PostgreSQL date() with timezone

Matthew Lehner picture Matthew Lehner · Jun 20, 2012 · Viewed 87.3k times · Source

I'm having an issue selecting dates properly from Postgres - they are being stored in UTC, but not converting with the Date() function properly.

Converting the timestamp to a date gives me the wrong date if it's past 4pm PST.

2012-06-21 should be 2012-06-20 in this case.

The starts_at column datatype is timestamp without time zone. Here are my queries:

Without converting to PST timezone:

Select starts_at from schedules where id = 40;

      starts_at      
---------------------
 2012-06-21 01:00:00

Converting gives this:

Select (starts_at at time zone 'pst') from schedules where id = 40;
        timezone        
------------------------
 2012-06-21 02:00:00-07

But neither convert to the correct date in the timezone.

Answer

AmitF picture AmitF · Nov 18, 2014

Basically what you want is:

$ select starts_at AT TIME ZONE 'UTC' AT TIME ZONE 'US/Pacific' from schedules where id = 40

I got the solution from this article is below, which is straight GOLD!!! It explains this non-trivial issue very clearly, give it a read if you wish to understand pstgrsql TZ management better.

Expressing PostgreSQL timestamps without zones in local time

Here is what is going on. First you should know that 'PST timezone is 8 hours behind UTC timezone so for instance Jan 1st 2014, 4:30 PM PST (Wed, 01 Jan 2014 16:00:30 -0800) is equivalent to Jan 2nd 2014, 00:30 AM UTC (Thu, 02 Jan 2014 00:00:30 +0000). Any time after 4:00pm in PST slips over to the next day, interpreted as UTC.

Also, as Erwin Brandstetter mentioned above, postresql has two type of timestamps data type, one with a timezone and one without. If your timestamps include a timezone, then a simple:

$ select starts_at AT TIME ZONE 'US/Pacific' from schedules where id = 40

will work. However if your timestamp is timezoneless, executing the above command will not work, and you must FIRST convert your timezoneless timestamp to a timestamp with a timezone, namely a UTC timezone, and ONLY THEN convert it to your desired 'PST' or 'US/Pacific' (which are the same up to some daylight saving time issues. I think you should be fine with either).

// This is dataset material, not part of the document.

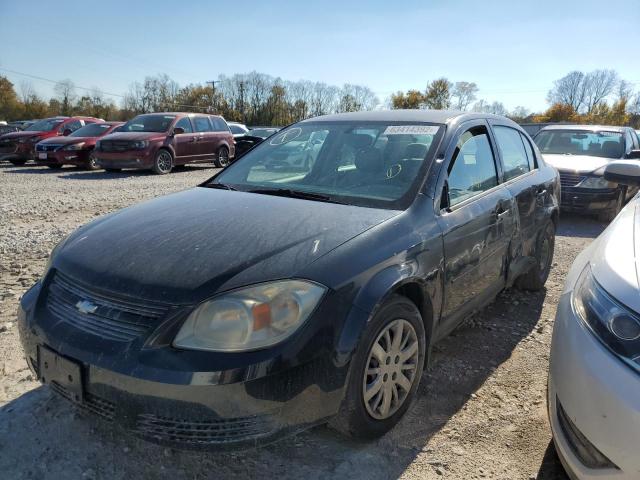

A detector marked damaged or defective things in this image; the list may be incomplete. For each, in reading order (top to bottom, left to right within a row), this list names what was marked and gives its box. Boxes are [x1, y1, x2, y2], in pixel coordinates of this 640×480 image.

damaged black car [17, 110, 560, 448]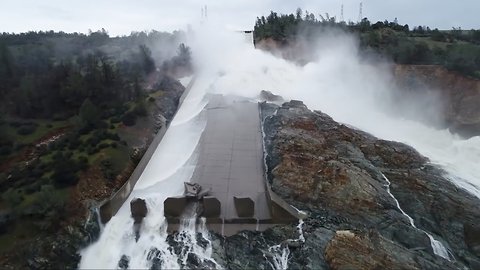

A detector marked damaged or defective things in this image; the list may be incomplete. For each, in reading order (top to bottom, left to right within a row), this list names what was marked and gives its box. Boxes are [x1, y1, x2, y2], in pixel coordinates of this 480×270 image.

damaged concrete spillway [165, 95, 300, 234]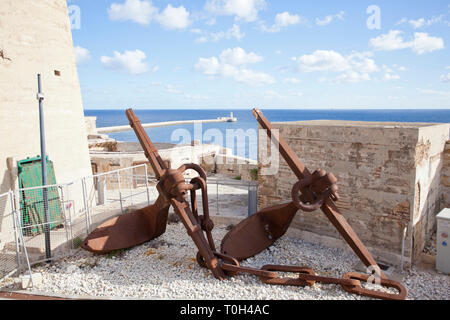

Let me demonstrate with an example where I create a timezoneless timestamp. Let's assume for convenience that our local timezone is indeed 'PST' (if it weren't then it gets a tiny bit more complicated which is unnecessary for the purpose of this explanation).

Say I have:

$ select timestamp '2014-01-2 00:30:00' AS a, timestamp '2014-01-2 00:30:00' AT TIME ZONE 'UTC' AS b,  timestamp '2014-01-2 00:30:00' AT TIME ZONE 'UTC' AT TIME ZONE 'PST' AS c, timestamp '2014-01-2 00:30:00' AT TIME ZONE 'PST' AS d

This will yield:

"a"=>"2014-01-02 00:30:00"   (This is the timezoneless timestamp)
"b"=>"2014-01-02 00:30:00+00" (This is the UTC TZ timestamp, note that up to a timezone, it is equivalent to the timezoneless one)
"c"=>"2014-01-01 16:30:00" (This is the correct 'PST' TZ conversion of the UTC timezone, if you read the documentation postgresql will not print the actual TZ for this conversion)
"d"=>"2014-01-02 08:30:00+00"

The last timestamp is the reason for all the confusion regarding converting timezoneless timestamp from UTC to 'PST' in postgresql. When we write:

timestamp '2014-01-2 00:30:00' AT TIME ZONE 'PST' AS d

We are taking a timezoneless timestamp and try to convert it to 'PST TZ (we indirectly assume that postgresql will understand that we want it to convert the timestamp from a UTC TZ, but postresql has plans of its own!). In practice, what postgresql does is it takes the timezoneless timestamp ('2014-01-2 00:30:00) and treats it as if it WERE ALREADY a 'PST' TZ timestamp (i.e: 2014-01-2 00:30:00 -0800) and converts that to UTC timezone!!! So it actually pushes it 8 hours ahead instead of back! Thus we get (2014-01-02 08:30:00+00).

Anyway, this last (un-intuitive) behavior is the cause of all confusion. Read the article if you want a more thorough explanation, I actually got results which are a bit different then their on this last part, but the general idea is the same.